Aussi, à la lumière du texte susvisé ainsi que de sa finalité en matière de protection du consommateur, et pour aboutir à une solution conforme à l’objectif poursuivi par le code de la consommation, il convient donc de ne pas faire application de l’article 1153du code civil et de l’article L. 313-3 du code monétaire et financier en disant que la somme restant due en capital ne portera pas intérêts au taux légal.
SUR LES DEMANDES ACCESSOIRES
Sur les dépens
M. [E] [L] succombant à l’instance, il y a lieu de le condamner aux entiers dépens de l’instance à l’exclusion du coût de sommation de payer, la mise en demeure du débiteur pouvant être utilement faite par lettre recommandée en application de l’article 1139 du code civil.

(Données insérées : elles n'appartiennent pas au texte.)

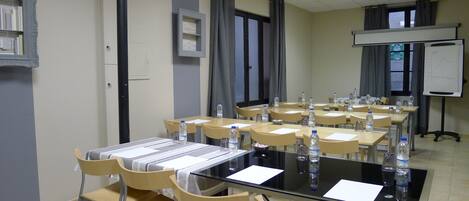 A conference room with tables, chairs, and a whiteboard.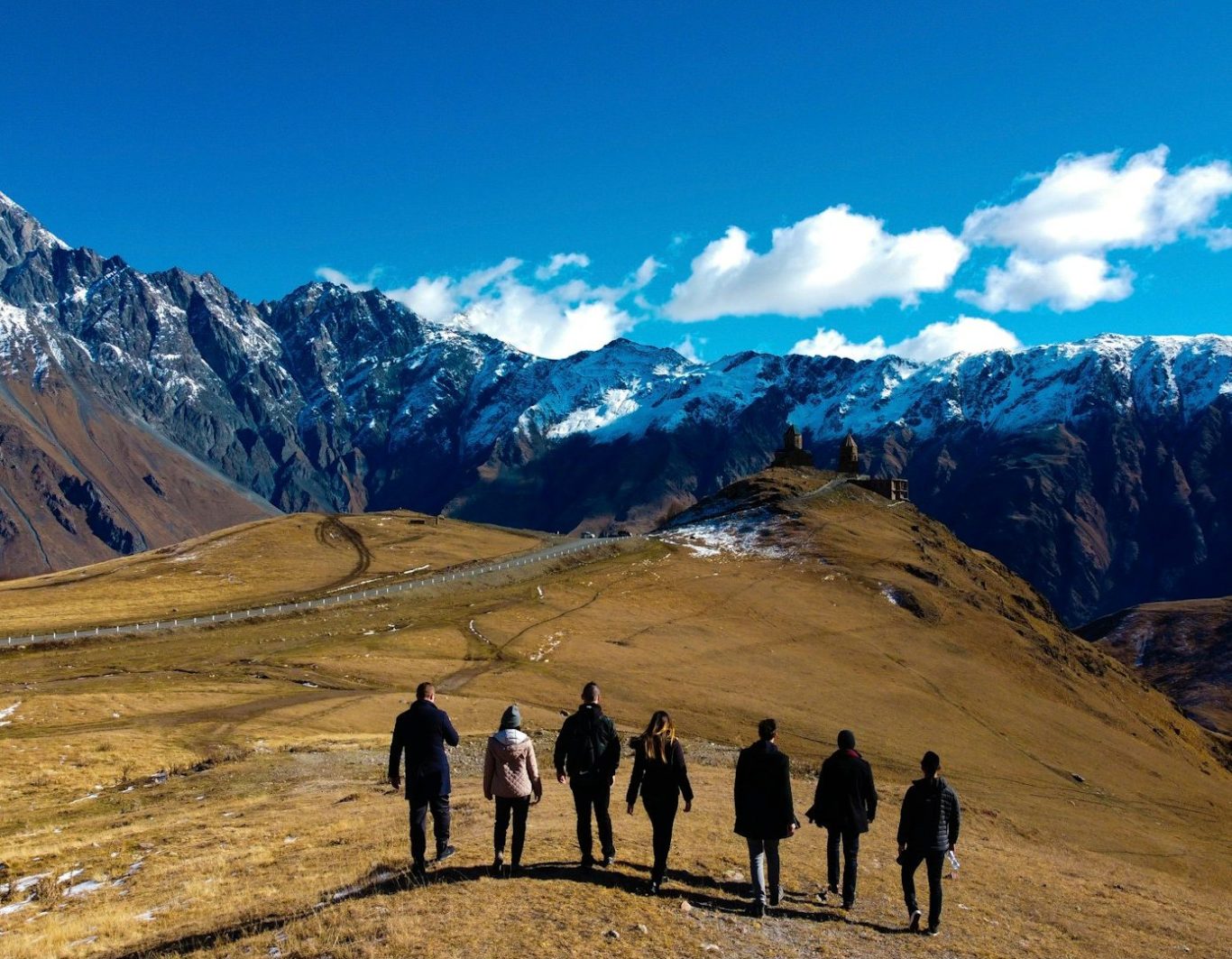 Groupe de six personnes marchant sur un sentier de montagne avec des sommets enneigés en arrière-plan.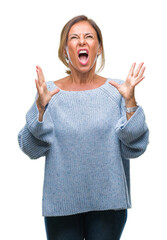 Wall Mural - Middle age senior hispanic woman wearing winter sweater over isolated background crazy and mad shouting and yelling with aggressive expression and arms raised. Frustration concept.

Sur les frais irrépétibles
L’équité commande de rejeter la demande d’indemnité au titre de l’article 700 du code de procédure civile.
Sur l’exécution provisoire
L’ancienneté et la nature de la créance justifient le prononcé de l’exécution provisoire.
PAR CES MOTIFS
Le tribunal, statuant par jugement réputé contradictoire et en premier ressort,
CONSTATE que l’offre préalable de crédit litigieuse proposée par la SA Société Générale Calédonienne de Banque et acceptée par M. [E] [L] le 6 août 2020 est irrégulière,
PRONONCE en conséquence la déchéance du droit aux intérêts de la SA Société Générale Calédonienne de Banque au titre du contrat de crédit souscrit par M. [E] [L] le 6 août 2020, à compter de cette date,
DÉBOUTE la SA Société Générale Calédonienne de Banque de sa demande au titre de l’indemnité de 8%,
CONDAMNE M. [E] [L] à payer à la SA Société Générale Calédonienne de Banque la seule différence entre les sommes débloquées à son profit par le prêteur et les versements par lui effectués avant et après la déchéance du terme, soit la somme de 1 080 349 F CFP (un million quatre-vingt mille trois cent quarante-neuf francs CFP),
ÉCARTE l’application des articles 1153 du code civil et L. 313-3 du code monétaire et financier et DIT qu’en conséquence, cette somme ne portera pas intérêts au taux légal,
ORDONNE l’exécution provisoire de la présente décision,
CONDAMNE M. [E] [L] aux entiers dépens de la présente procédure,
DÉBOUTE la SA Société Générale Calédonienne de Banque de sa demande d’indemnité formulée au titre de l’article 700 du code de procédure civile,
Ainsi jugé et prononcé par mise à disposition au greffe le 17 mars 2025.